1. A small emergency kit

Nothin’ fancy or too heavy, just something basic to cover blisters, scrapes, and the occasional need for hand sanitizer.

2. Water

Now this is an important one. Make sure you’re realistic about how much you may need. It’s a good idea to check beforehand to see if there will be water fountains to refill anywhere along your route.

3. A lightweight layer

Be it a flannel shirt or a raincoat, be prepared for a slight chill as you walk in the shade, or to even cover up to avoid the sun.

4. Sunscreen

Wear it, your mom will be happy that you did.

5. Snacks

I love a good snack. And a good snack provides fuel and motivation for a long hike in addition to being tasty. One particularly good snack is to take a chocolatey energy bar and smother it with almond butter (which you can buy in individual packets). Try it (unless you have a nut allergy. Then, don’t).

Hike South Kaibab Trail to Cedar Ridge | Photo: Edward Day

6. Map

This one is especially important if you’re trying out a new hiking locale. Plus, maps provided by local ranger stations often have other interesting information on them.

7. Hat and/or sunglasses

Having the sun in your eyes sucks.

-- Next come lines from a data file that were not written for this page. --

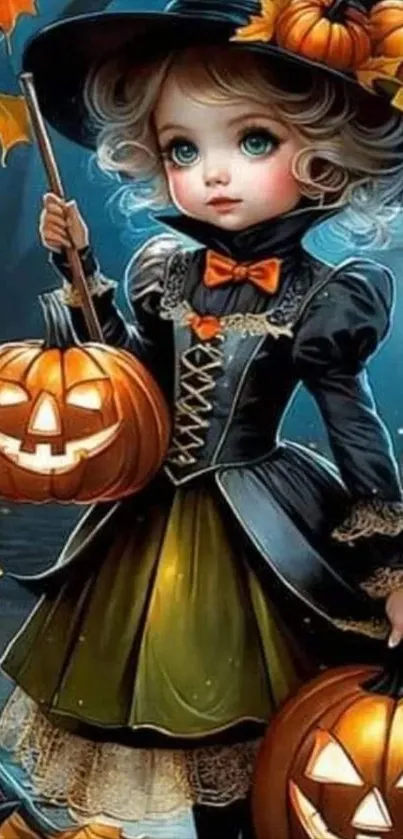 Charming cartoon witch with pumpkins in Halloween setting.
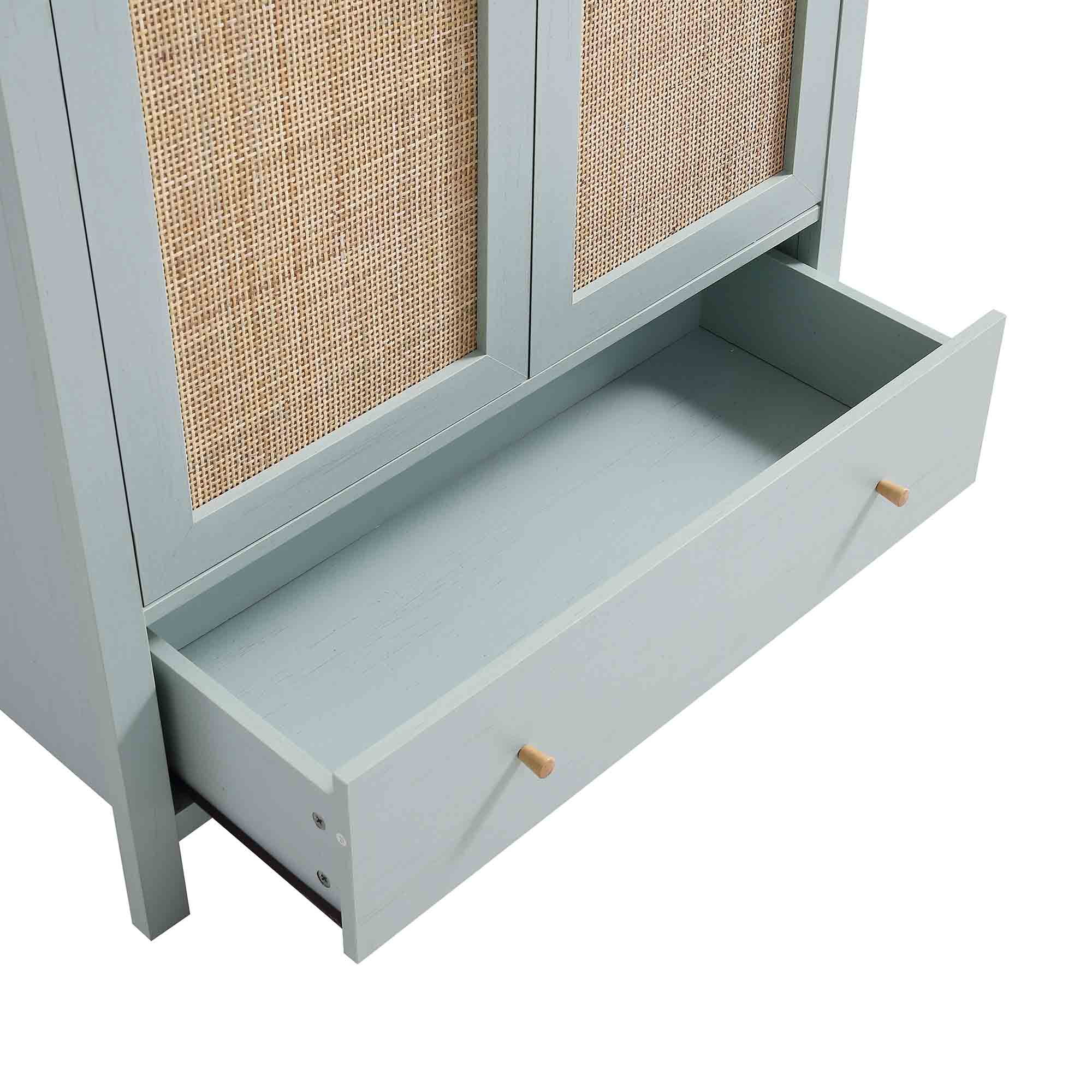 Frances Rattan Double Wardrobe with 1 Drawer, Mint - Image 9
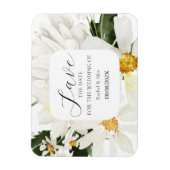 Magnet photo flexible de mariage à date de florais (Vertical)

Plus it can be dangerous if you’re on a narrower cliff-adjacent trail. Don’t worry about looking dorky, because it’s better to look dorky than to end up as a human meat pile at the bottom of a mountain.

8. Tyvek

Ok, ok, this one may not be an “essential” for everyone, but it is an essential for my day hiking kit. Tyvek is super light and super strong, and is great to use as a picnic blanket.

9. Emergency blanket

Yes, I’m serious. You don’t want to end up like these poor folks and be caught unprepared.

Day Hike to Hemphill Bald | Photo: Steve Yocom

10. Camera

Or, more likely, a phone. Capture the sunrise, pretty flowers, or amazing views. Pictures are great to connect you to the outdoors when you’re stuck behind your desk. But remember to experience the outdoors when, well, when you’re outdoors. Don’t spend the entire hike behind a screen.

11. Wet wipes

Remember way back during number one when I mentioned hand sanitizer? Sometimes, no matter how hard you try and how many times you visit the loo before a hike, you’ll still have to pop a squat. While sanitizer keeps your hands un-germy (especially before eating your almond-butter-covered bar), wet wipes keep your down there fresh. Just remember to pack it out.

12. Doggy poo bags

Once again, these may not be on everyone’s list. But for those of us with dogs, they’re a must have. Don’t be a jerk—pick up after your pooch.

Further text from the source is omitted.